Retype word for word the lines of the data below, from the first to the one bearing "Porsche 968 - fuel", with that one included.

Records contained in a dataset:
━━━━

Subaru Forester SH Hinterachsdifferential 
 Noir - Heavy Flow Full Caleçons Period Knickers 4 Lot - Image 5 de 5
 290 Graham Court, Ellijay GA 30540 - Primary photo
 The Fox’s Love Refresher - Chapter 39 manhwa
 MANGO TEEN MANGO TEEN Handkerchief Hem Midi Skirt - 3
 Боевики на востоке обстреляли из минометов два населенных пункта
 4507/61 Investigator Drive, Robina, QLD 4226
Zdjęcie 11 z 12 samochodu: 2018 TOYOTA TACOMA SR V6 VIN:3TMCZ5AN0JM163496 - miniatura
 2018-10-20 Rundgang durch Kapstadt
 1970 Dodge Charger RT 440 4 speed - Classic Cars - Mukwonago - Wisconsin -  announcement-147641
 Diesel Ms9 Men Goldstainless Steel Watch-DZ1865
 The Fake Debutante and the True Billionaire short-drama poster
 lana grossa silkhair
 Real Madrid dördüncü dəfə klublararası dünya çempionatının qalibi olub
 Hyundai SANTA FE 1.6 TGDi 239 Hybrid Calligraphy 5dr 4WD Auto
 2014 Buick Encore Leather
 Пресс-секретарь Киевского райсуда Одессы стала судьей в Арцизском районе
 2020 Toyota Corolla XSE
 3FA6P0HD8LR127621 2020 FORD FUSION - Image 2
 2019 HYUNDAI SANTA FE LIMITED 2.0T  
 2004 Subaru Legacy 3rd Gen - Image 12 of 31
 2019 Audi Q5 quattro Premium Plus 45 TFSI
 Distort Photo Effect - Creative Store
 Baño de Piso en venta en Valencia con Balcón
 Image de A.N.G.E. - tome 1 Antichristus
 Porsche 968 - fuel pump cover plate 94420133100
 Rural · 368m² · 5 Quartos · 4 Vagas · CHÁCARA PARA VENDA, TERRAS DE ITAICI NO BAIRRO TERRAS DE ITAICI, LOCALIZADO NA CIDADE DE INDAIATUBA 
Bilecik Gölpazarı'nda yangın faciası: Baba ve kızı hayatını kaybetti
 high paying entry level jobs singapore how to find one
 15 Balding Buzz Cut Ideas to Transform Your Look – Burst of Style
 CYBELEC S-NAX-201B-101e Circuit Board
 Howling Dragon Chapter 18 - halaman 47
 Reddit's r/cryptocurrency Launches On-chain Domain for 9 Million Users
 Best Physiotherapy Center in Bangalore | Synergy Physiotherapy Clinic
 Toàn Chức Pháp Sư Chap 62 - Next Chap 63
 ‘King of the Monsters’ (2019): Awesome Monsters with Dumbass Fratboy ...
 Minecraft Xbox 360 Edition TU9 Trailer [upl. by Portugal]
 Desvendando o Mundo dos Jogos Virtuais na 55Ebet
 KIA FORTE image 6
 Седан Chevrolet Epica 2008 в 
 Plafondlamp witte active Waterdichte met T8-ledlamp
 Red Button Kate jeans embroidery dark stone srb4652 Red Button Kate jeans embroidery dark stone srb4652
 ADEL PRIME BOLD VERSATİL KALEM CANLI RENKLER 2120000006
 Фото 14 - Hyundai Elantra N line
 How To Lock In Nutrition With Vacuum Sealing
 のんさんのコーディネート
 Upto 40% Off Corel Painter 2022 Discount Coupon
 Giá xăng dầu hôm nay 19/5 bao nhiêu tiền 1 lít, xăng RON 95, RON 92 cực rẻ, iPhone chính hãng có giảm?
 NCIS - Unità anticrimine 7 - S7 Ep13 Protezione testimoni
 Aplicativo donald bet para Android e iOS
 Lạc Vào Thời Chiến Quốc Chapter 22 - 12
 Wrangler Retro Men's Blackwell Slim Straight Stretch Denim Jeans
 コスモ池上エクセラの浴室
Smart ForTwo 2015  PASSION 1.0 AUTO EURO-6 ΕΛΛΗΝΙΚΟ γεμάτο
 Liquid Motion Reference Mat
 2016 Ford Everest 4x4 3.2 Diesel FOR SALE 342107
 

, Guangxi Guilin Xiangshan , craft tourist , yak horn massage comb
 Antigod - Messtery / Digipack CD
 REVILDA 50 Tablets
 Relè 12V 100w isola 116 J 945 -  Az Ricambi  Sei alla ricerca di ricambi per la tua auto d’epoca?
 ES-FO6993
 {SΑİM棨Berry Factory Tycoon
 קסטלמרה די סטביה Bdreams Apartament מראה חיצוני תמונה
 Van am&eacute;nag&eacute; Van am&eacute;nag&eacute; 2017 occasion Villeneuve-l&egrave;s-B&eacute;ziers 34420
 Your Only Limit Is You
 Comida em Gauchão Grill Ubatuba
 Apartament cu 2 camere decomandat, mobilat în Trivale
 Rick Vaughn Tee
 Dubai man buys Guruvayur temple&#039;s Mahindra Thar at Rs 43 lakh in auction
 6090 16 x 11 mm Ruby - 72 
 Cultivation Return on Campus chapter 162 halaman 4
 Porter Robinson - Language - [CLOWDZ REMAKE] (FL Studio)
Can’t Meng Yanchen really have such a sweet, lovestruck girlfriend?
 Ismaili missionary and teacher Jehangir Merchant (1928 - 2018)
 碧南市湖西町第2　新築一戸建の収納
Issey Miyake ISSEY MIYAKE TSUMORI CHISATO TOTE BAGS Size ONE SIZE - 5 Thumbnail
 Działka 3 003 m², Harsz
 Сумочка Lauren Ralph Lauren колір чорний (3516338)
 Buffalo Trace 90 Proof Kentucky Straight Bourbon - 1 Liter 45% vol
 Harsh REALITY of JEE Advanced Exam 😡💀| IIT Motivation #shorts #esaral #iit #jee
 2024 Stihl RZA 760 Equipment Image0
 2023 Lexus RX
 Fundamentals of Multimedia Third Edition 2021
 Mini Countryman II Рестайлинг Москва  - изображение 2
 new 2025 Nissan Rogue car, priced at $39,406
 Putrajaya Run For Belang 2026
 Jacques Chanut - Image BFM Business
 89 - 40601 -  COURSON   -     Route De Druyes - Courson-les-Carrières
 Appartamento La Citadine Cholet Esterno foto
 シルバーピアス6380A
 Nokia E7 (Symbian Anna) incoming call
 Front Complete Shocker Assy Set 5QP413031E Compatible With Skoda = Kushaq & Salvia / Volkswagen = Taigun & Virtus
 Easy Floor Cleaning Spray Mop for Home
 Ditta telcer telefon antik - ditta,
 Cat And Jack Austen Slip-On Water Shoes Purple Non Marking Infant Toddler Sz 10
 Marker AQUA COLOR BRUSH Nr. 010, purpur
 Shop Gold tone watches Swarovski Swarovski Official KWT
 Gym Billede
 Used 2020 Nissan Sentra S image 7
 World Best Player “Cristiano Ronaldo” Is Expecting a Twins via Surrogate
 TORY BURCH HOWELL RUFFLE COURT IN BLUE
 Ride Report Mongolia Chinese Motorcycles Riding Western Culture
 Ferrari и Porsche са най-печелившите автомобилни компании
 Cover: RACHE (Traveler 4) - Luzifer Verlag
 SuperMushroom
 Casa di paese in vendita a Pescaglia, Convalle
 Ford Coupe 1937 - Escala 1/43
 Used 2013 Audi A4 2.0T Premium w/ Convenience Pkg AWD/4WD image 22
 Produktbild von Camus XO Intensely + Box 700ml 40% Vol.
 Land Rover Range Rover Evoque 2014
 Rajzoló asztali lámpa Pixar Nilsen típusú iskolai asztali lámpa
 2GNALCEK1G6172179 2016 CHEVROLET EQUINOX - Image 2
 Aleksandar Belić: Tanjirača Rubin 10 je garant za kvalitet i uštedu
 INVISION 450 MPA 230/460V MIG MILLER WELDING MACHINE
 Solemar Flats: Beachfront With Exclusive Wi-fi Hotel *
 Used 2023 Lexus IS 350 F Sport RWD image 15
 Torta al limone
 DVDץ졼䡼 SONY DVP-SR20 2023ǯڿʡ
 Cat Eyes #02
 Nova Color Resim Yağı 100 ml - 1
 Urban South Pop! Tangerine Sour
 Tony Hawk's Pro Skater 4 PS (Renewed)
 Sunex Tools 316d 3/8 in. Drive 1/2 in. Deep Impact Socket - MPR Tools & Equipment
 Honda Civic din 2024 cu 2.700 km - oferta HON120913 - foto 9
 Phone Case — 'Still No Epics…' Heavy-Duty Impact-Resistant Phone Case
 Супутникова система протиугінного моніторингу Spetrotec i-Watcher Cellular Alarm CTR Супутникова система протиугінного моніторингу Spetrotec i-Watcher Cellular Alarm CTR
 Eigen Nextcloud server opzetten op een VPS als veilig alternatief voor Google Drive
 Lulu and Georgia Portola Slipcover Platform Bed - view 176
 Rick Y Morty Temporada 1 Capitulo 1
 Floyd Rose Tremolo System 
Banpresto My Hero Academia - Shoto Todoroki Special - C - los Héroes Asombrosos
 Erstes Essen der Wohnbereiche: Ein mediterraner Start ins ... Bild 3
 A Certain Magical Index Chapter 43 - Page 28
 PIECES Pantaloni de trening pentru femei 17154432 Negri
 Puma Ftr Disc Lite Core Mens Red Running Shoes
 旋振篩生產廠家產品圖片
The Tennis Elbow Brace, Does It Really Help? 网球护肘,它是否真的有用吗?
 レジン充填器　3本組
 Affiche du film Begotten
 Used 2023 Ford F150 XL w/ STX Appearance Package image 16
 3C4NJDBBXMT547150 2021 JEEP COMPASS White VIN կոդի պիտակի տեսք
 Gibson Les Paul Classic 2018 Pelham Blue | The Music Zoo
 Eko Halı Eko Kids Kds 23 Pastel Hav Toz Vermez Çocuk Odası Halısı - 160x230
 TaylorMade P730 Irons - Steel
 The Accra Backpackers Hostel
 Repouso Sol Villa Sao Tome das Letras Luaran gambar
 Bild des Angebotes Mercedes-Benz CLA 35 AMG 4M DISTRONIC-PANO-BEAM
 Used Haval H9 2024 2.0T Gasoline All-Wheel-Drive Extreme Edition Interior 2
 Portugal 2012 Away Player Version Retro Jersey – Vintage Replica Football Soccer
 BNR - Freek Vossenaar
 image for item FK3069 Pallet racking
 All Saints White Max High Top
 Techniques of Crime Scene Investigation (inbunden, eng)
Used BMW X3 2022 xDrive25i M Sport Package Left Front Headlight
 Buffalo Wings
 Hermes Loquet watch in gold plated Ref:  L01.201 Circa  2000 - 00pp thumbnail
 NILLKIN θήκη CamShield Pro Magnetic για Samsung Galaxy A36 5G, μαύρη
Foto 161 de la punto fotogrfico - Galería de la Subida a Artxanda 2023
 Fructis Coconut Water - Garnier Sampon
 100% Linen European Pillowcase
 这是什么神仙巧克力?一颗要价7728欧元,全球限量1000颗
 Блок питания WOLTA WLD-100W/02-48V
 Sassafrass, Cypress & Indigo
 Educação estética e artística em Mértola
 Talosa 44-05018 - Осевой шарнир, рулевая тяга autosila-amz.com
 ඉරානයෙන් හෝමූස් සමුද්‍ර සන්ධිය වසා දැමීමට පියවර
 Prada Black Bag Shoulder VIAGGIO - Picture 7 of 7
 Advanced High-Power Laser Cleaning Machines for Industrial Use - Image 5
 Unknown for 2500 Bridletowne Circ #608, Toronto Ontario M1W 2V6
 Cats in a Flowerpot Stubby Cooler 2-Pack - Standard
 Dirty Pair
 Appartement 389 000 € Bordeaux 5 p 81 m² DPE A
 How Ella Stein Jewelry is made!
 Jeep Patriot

━━━━

### YOUR RESPONSE
Subaru Forester SH Hinterachsdifferential 
 Noir - Heavy Flow Full Caleçons Period Knickers 4 Lot - Image 5 de 5
 290 Graham Court, Ellijay GA 30540 - Primary photo
 The Fox’s Love Refresher - Chapter 39 manhwa
 MANGO TEEN MANGO TEEN Handkerchief Hem Midi Skirt - 3
 Боевики на востоке обстреляли из минометов два населенных пункта
 4507/61 Investigator Drive, Robina, QLD 4226
Zdjęcie 11 z 12 samochodu: 2018 TOYOTA TACOMA SR V6 VIN:3TMCZ5AN0JM163496 - miniatura
 2018-10-20 Rundgang durch Kapstadt
 1970 Dodge Charger RT 440 4 speed - Classic Cars - Mukwonago - Wisconsin -  announcement-147641
 Diesel Ms9 Men Goldstainless Steel Watch-DZ1865
 The Fake Debutante and the True Billionaire short-drama poster
 lana grossa silkhair
 Real Madrid dördüncü dəfə klublararası dünya çempionatının qalibi olub
 Hyundai SANTA FE 1.6 TGDi 239 Hybrid Calligraphy 5dr 4WD Auto
 2014 Buick Encore Leather
 Пресс-секретарь Киевского райсуда Одессы стала судьей в Арцизском районе
 2020 Toyota Corolla XSE
 3FA6P0HD8LR127621 2020 FORD FUSION - Image 2
 2019 HYUNDAI SANTA FE LIMITED 2.0T  
 2004 Subaru Legacy 3rd Gen - Image 12 of 31
 2019 Audi Q5 quattro Premium Plus 45 TFSI
 Distort Photo Effect - Creative Store
 Baño de Piso en venta en Valencia con Balcón
 Image de A.N.G.E. - tome 1 Antichristus
 Porsche 968 - fuel pump cover plate 94420133100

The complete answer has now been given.